Medicines - Illustration credit: Robert S. Donovan

The EU has consistently led efforts to widen access to vital medicines in developing countries

The 2001 Doha Declaration of the WTO committed WTO members to seeking ways to improve access to badly-needed medicines for developing countries. The EU has consistently led efforts to widen access to vital medicines in developing countries and to strike the right balance between the intellectual property rights of pharmaceutical companies and the need to ensure that medicines are available for poor countries facing public health crises.

Tiered pricing

In 2003 the EU adopted new rules on tiered pricing that prevented re-export to the EU of drugs sold by European pharmaceutical companies to developing countries at heavily discounted prices. This enabled European pharmaceutical companies to sell their goods to developing countries at prices cheaper than they charge in Europe (so-called 'tiered pricing') in the knowledge that those drugs could not be sold back into the EU market.

Compulsory licensing

The concept of compulsory licensing is written into the Agreement on Trade-Related Aspects of Intellectual Property Rights (TRIPS) Agreement, signed by WTO members as part of the Uruguay Round in 1994. The principle of compulsory licensing allows a developing country facing a public health crisis, after consultation with the patent-holder, to grant a license to a domestic company without the approval of the patent-holder to produce a generic medicine patented by a foreign pharmaceutical company. This medicine is for the use of the domestic market and may not be exported.
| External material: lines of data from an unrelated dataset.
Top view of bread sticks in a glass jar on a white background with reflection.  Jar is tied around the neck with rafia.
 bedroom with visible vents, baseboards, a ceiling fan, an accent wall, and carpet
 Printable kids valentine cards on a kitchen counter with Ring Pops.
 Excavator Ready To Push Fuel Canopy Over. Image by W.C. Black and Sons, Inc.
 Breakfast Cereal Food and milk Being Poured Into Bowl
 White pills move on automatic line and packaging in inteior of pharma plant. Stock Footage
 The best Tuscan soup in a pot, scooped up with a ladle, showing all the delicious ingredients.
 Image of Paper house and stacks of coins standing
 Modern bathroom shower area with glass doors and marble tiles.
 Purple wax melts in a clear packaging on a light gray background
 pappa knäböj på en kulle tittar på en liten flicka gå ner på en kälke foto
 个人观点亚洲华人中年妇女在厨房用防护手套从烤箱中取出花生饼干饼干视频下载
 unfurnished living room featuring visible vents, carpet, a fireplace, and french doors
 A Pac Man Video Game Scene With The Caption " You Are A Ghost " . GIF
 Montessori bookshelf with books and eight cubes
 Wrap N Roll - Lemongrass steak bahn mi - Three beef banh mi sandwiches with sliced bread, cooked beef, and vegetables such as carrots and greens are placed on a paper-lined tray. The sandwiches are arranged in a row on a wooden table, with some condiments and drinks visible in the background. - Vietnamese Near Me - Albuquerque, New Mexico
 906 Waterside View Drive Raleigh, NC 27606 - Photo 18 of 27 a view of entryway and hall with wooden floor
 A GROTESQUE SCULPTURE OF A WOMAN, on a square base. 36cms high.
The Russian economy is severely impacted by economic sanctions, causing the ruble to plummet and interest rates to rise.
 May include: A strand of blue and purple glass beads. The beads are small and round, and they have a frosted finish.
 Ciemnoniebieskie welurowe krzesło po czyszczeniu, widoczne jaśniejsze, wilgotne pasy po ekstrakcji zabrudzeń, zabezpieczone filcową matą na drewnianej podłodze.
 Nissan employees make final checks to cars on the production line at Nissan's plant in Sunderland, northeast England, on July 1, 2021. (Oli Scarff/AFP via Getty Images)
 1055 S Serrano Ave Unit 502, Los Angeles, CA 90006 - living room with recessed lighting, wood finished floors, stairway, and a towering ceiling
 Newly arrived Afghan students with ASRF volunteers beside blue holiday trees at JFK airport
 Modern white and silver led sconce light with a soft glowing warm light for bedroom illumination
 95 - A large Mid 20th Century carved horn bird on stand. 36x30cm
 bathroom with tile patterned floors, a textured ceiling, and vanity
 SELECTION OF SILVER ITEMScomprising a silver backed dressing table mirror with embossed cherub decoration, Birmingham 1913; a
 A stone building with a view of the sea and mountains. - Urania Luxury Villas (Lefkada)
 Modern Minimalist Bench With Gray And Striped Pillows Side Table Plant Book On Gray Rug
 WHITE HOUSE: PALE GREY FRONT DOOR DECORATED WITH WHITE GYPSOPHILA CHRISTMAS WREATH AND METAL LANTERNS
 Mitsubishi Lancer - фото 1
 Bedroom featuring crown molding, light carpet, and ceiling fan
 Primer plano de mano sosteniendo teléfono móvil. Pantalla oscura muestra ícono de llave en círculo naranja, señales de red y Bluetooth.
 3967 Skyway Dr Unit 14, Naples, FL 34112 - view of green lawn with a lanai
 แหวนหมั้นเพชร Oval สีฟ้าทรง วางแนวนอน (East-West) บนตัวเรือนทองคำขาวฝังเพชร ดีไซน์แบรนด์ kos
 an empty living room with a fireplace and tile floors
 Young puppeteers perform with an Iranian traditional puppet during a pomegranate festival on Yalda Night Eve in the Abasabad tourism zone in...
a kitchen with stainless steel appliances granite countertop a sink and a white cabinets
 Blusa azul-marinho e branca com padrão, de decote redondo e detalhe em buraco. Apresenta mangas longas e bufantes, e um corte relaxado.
In 2005, WTO members led by the EU agreed an amendment to the TRIPS Agreement that would extend this right to other countries so long as the medicine produced is solely for export to other developing countries with no or insufficient manufacturing capacities in the pharmaceutical sector. This amendment entered fully into force in 2007.

The EU has now integrated this amendment into its own law so that EU pharmaceutical companies can apply for a licence to manufacture, without the authorisation of the patent holder, pharmaceutical products for export to countries in need of medicines and facing public health problems. There is no specific restriction on the pharmaceutical products covered, although there is acknowledgement that they are products required to address public health crises.

The compulsory licensing system depends on a clear prohibition against re-exporting medicines produced under compulsory licenses to take commercial advantage of their heavily lowered prices. Not only does this undermine the balance behind the compulsory licensing principle, but it diverts the medicines from where they are most needed. Where this happens, compulsory licences can be terminated.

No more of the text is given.